Elderly individuals are at increased risk for health problems, but social support can enhance life by increasing both physical and mental health. Gill and Williams (2008) define social support as “support of others” (p.251). Emotional, informational and tangible support, are all examples of ways in which instructors and group members help each other (Gill and Williams, 2008). Showing someone that you care about their choices or effort is important for fostering improvements in motivation and self-confidence. When commencing an exercise program or activity, society looks at social support for approval (Courneya, Plotnikoff, Hotz, & Birkett, 2000). The assistance that one receives from others via social support will yield a more positive experience for both the individual and group. It should be noted that social support will lead to increase cohesion between individuals and the group, which will also lead to increase team building and group dynamic skills.
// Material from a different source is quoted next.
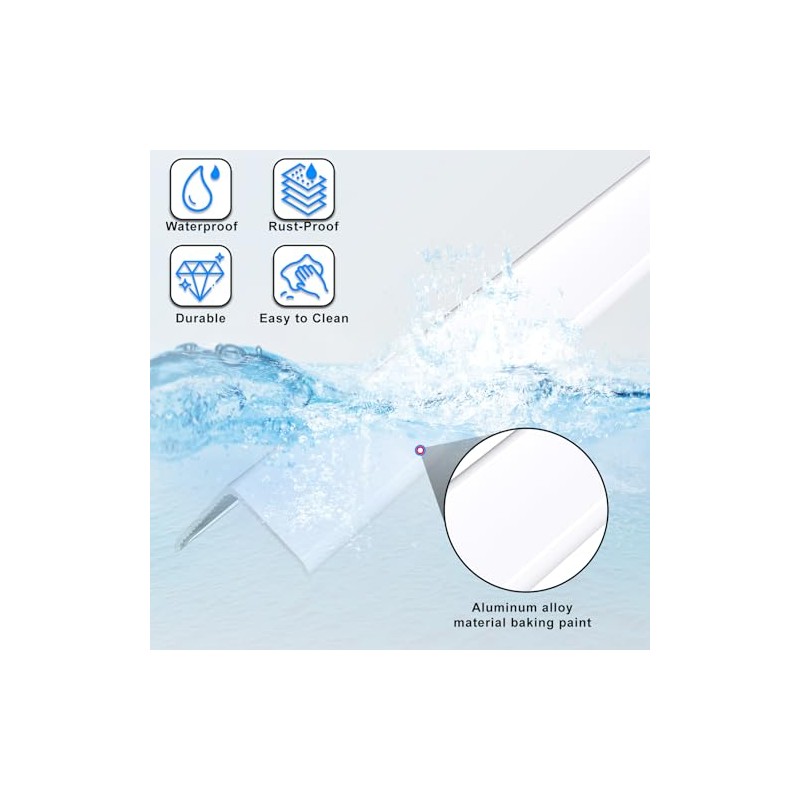 Protector de Esquina de Pared Blanco, 4 Piezas, Longitud 35.4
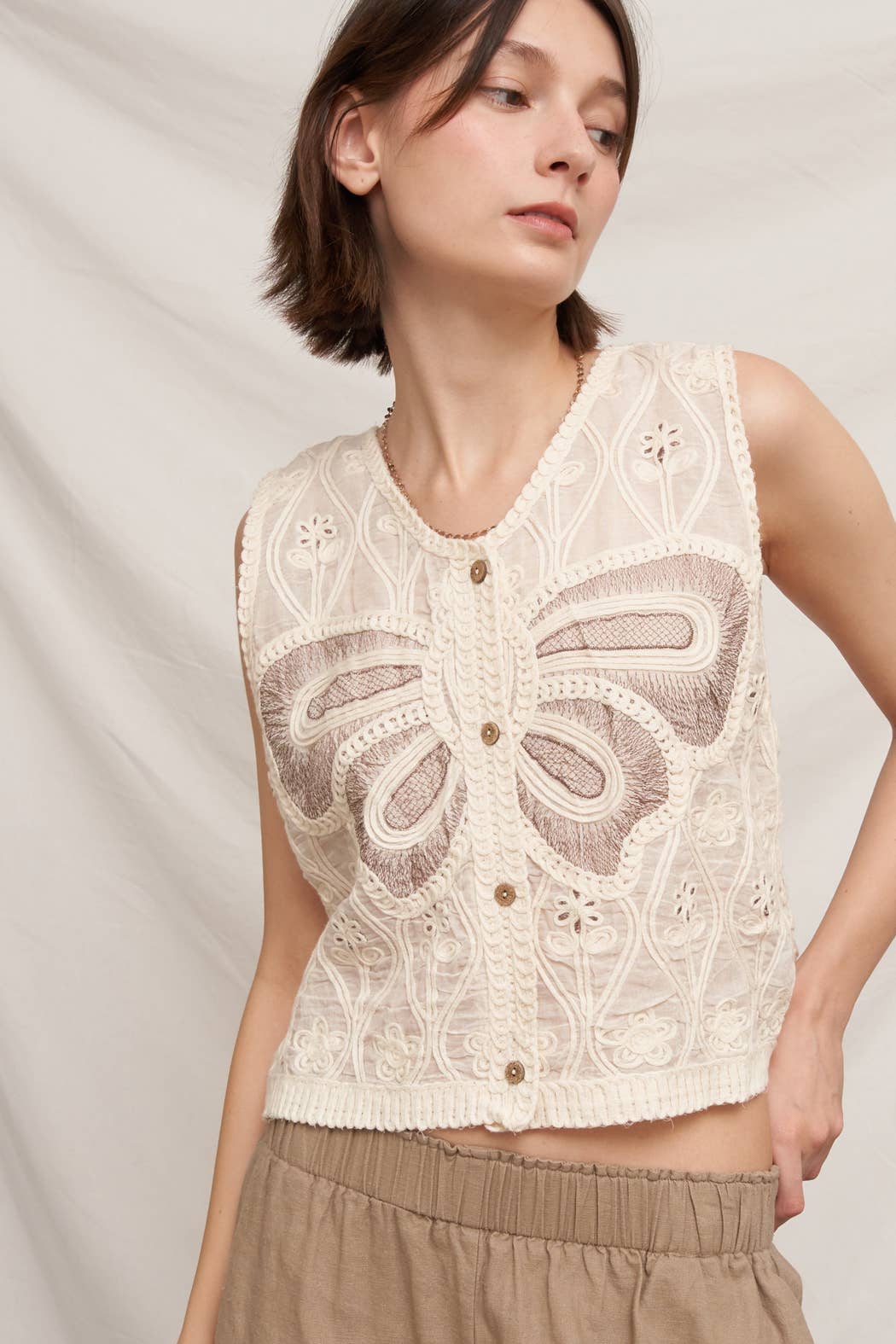 crochet butterfly top, embroidered crochet tank, sleeveless crochet blouse, cream crochet top, boho crochet tank, textured summer top, butterfly embroidered top, open knit sleeveless top, neutral boho blouse, women's crochet sweater tank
Increased cohesion leads to greater motivation, communication, task orientation and exercise adherence. Social support is also shown to have a large influence on reducing stress (Gill & Williams, 2008). In the exercise setting, the elderly individuals will increase their self-confidence, allowing for greater fitness gains and overall physical health. Competing in group exercise programs will also increase social networking and friend making. It is always better mentally to complete workouts in a group rather than individually.
In order to promote social support in an exercise program for elderly individuals, it will be important to foster strategies both as an instructor and between group members. As a group instructor it will be extremely important to show the individuals that they are welcome and respected when entering the exercise setting. Motivational signs with quotes and messages will help to increase positive attitude before exercise even begins. As the participants are known to be in good shape, it will not be as important to motivate for exercise improvement, as much as it will be to keep the participants coming back. Offering incentives to the person who has the best attendance, with gift certificates to local restaurants or sporting events will help. Changing the types of activities that the program offers will help to prevent boredom, and having the participants have a democratic input on possible activities should be used. As the instructor, you can only do so much, with other support options needing to come from others involved with the program.
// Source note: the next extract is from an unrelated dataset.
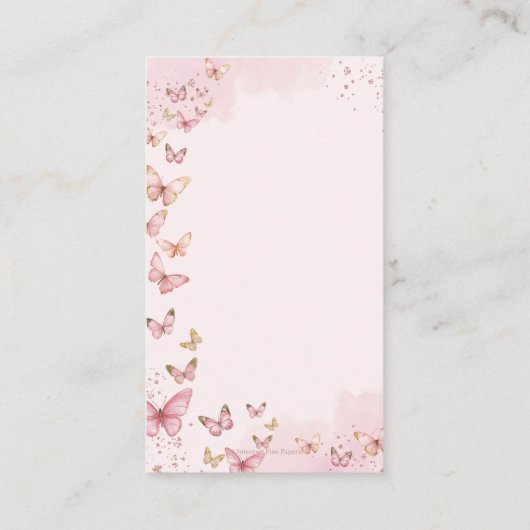 ピンク蝶Sweet sixteenキンセアニェラQR RSVP エンクロージャーカード (裏面)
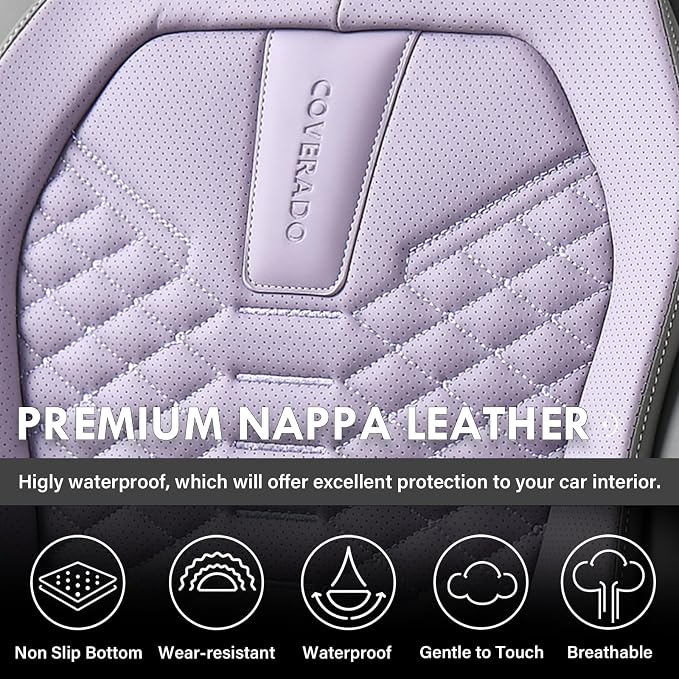 Universal Seat Covers — Front Seat — Gray / Purple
Promoting social support between program participants is the next key step to an effective exercise program. The usage of this exercise program is for group dynamics, but there will be times for individuals to complete workouts and testing individually in front of the group. This will allow the group a chance to show support for their exercise partners. Differing models of support according to Gill and Williams (2008) include: listening, emotional, task appreciation, task challenge, tangible assistance and personal assistance. Allowing the group to acknowledge personal effort, give feedback and challenge each other to bigger and better accomplishments will help keep motivation levels high. Team competitions will be used to foster group cohesion and healthy social support aspects. A mock weight lifting meet will be used as a friendly competition. Group support will be a great addition to instructor support, and both will increase desire and exercise capabilities.
The major purpose of this paper was to explain the process of social support and come up with specific goals to help increase social support within an elderly exercise program. “Perceived social support is the key contributor to health and well-being” (Gill & Williams, 2008, p. 252). Using social support as an instructor and between program participants has beneficial effects on motivation and performance. Even though the participants are in good physical health, the added support may help achieve greater task orientation and a sense of happiness. The goal is to keep the participants both looking forward to and wanting to come back. If these exercisers know they have good friends and companions to help achieve personal goals, the program will be a success.
Barrera, M. (1986). Distinctions between social support concepts, measures, and models. American Journal of Community Psychology, 14(4), 413-445.
Courneya, K. S., Plotnikoff, R. C., Hotz, S. B., & Birkett, N. J. (2000). Social support and the theory of planned behavior in the exercise domain. American Journal of Healthy Behavior, 24(4), 300-308.
Gill, D.L., & Williams, L. (2008). Psychological dynamics of sport and exercise (3rd Ed.). Champaign, IL: Human Kinetics.